Personal information
- Full name: Nathan Júnior Soares de Carvalho
- Date of birth: 10 March 1989 (age 37)
- Place of birth: Rio de Janeiro, Brazil
- Height: 1.84 m (6 ft 0 in)
- Position: Striker

Team information
- Current team: Telavi
- Number: 19

Youth career
- 0000–2005: Flamengo
- 2005–2008: Anorthosis Famagusta

Senior career*
- Years: Team / Apps / (Gls)
- 2008–2012: Skonto Riga / 69 / (45)
- 2008: → Olimps (loan) / 15 / (0)
- 2012: Kapfenberger SV / 13 / (0)
- 2012–2013: Dila Gori / 20 / (5)
- 2013–2015: SKA-Energiya Khabarovsk / 41 / (15)
- 2015–2016: Tondela / 34 / (13)
- 2016–2017: Al-Fateh / 20 / (5)
- 2018: Tokushima Vortis / 0 / (0)
- 2019: Paços Ferreira / 1 / (0)
- 2020: Académico Viseu / 3 / (0)
- 2020–2021: Samtredia / 23 / (3)
- 2021–: Telavi / 15 / (1)

= Nathan Júnior =

Brazilian footballer

 Nathan Júnior Soares de Carvalho (born 10 March 1989) is a Brazilian professional footballer who plays as a striker for FC Telavi in Georgia.

==Club career==

===Early career===
Born in Rio de Janeiro, as a teenager, Nathan Júnior played for his local club Clube de Regatas do Flamengo, and was a member of the club's system. At the age of 16 he tried to get into the first team unsuccessfully and a year later got an offer to join Anorthosis Famagusta academy in Cyprus, which was accepted by the player, and in July 2005 he joined the Cypriot side, spending the next three seasons there.

===Skonto Riga===
With the help of former Anorthosis Famagusta player and Latvian international Marians Pahars, Júnior was taken on trial at Skonto Riga in July 2008. He signed a four-year contract, as the trial was successful. Right after joining, Júnior found it difficult to fit into the squad, as there were many experienced players, and was soon loaned out to Olimps/RFS. He played 15 matches that season and was mainly used in the right-back position.
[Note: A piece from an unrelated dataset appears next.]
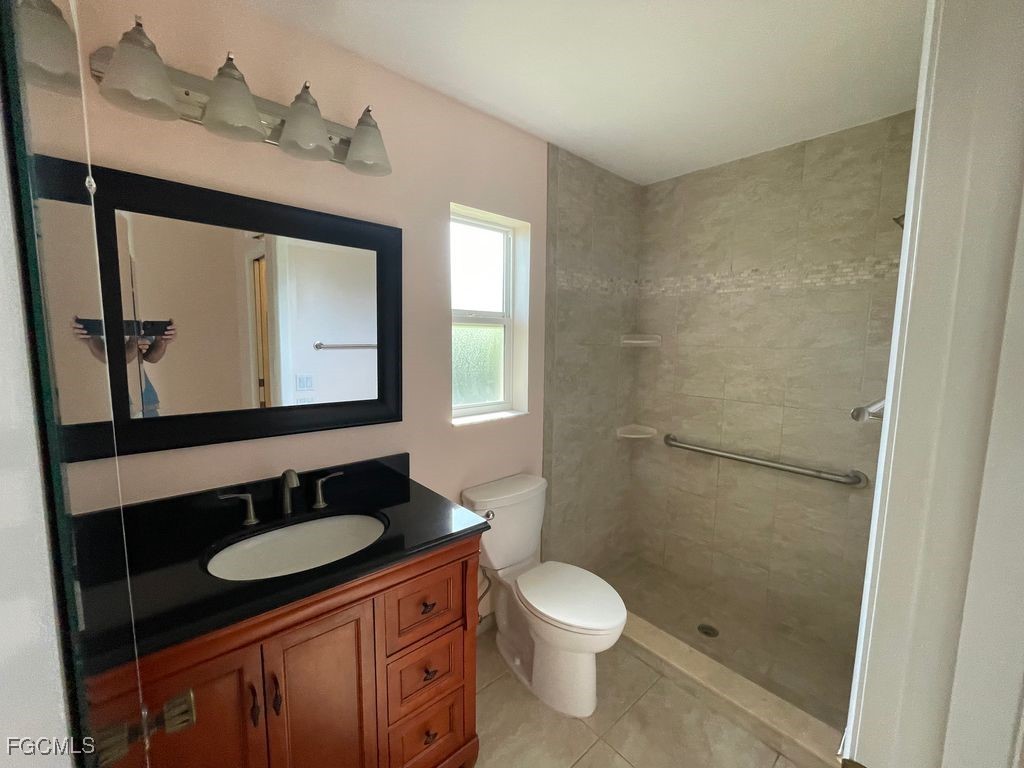 2205 SW 2nd Terrace Cape Coral FL 33991 2025021927 image17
In December 2008, Júnior returned to Skonto Riga and was mainly used as a late-game substitute by that time club's manager Paul Ashworth. In 2009 Skonto had a lack of forwards as two of them left right before the start of the season, and Júnior was tried out as a forward. He scored twice on his new position debut against Jūrmala-VV and later on remained in that position. He played 19 games and scored 5 goals in the 2009 season and was notified as a forward in the squad for the 2010 season. He made a big surprise in the upcoming season, scoring 18 goals in 24 league matches and sharing the top-scorer's honor with Liepājas Metalurgs striker Deniss Rakels, who had also netted 18 times, respectively. In 2010 Skonto became the champions of Latvia. After the impressive season Júnior went on trials with Maccabi Haifa in Israel, Dynamo Moscow in Russia, and Energie Cottbus in Germany but didn't settle there.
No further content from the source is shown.